= Beginning of Section =

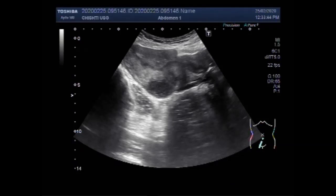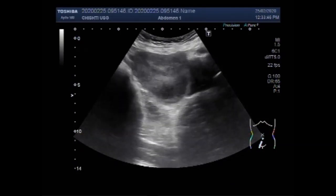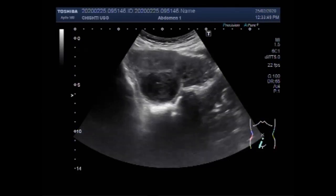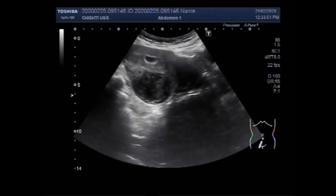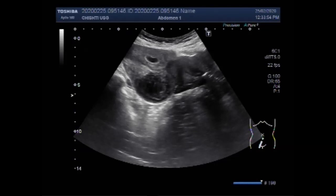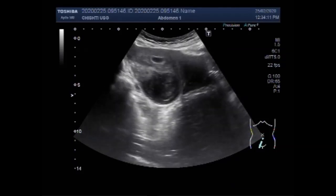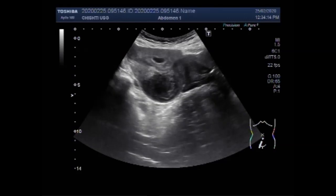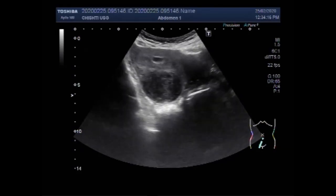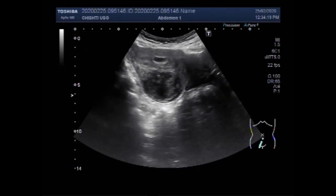The next video shows a heterogeneous uterine mass. You can see the uterus, and a large heterogeneous semi-solid to solid consistency mass is seen near the posterior wall in the middle portion of the uterus. The mass is round to oval in shape and has heterogeneous echogenicity.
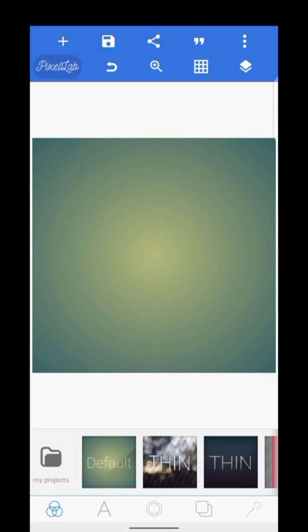Good morning, hope you are doing well. I'm happy to present to you again. This is the Pixel Lab interface. I'm going to be quickly showing you how to operate Pixel Lab — the basic functions of every icon, one after the other, going straight to the point. Welcome to Rex Kilowatt Graphics, and I hope you learn.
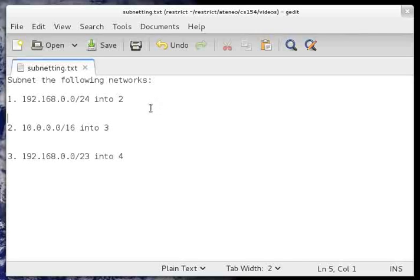Good evening. Today we learn how to subnet IPv4 networks. We have three examples here which we will compute, and we will use a quick strategy on how we could subnet networks easily.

= End of Section =

WORK INSTRUCTION =
Without any pictures, restate word for word only the lines from the one with "Good morning, hope" through the end of the listing.

ANSWER TO THIS PROBLEM =
Good morning, hope you are doing well. I'm happy to present to you again. This is the Pixel Lab interface. I'm going to be quickly showing you how to operate Pixel Lab — the basic functions of every icon, one after the other, going straight to the point. Welcome to Rex Kilowatt Graphics, and I hope you learn.
Good evening. Today we learn how to subnet IPv4 networks. We have three examples here which we will compute, and we will use a quick strategy on how we could subnet networks easily.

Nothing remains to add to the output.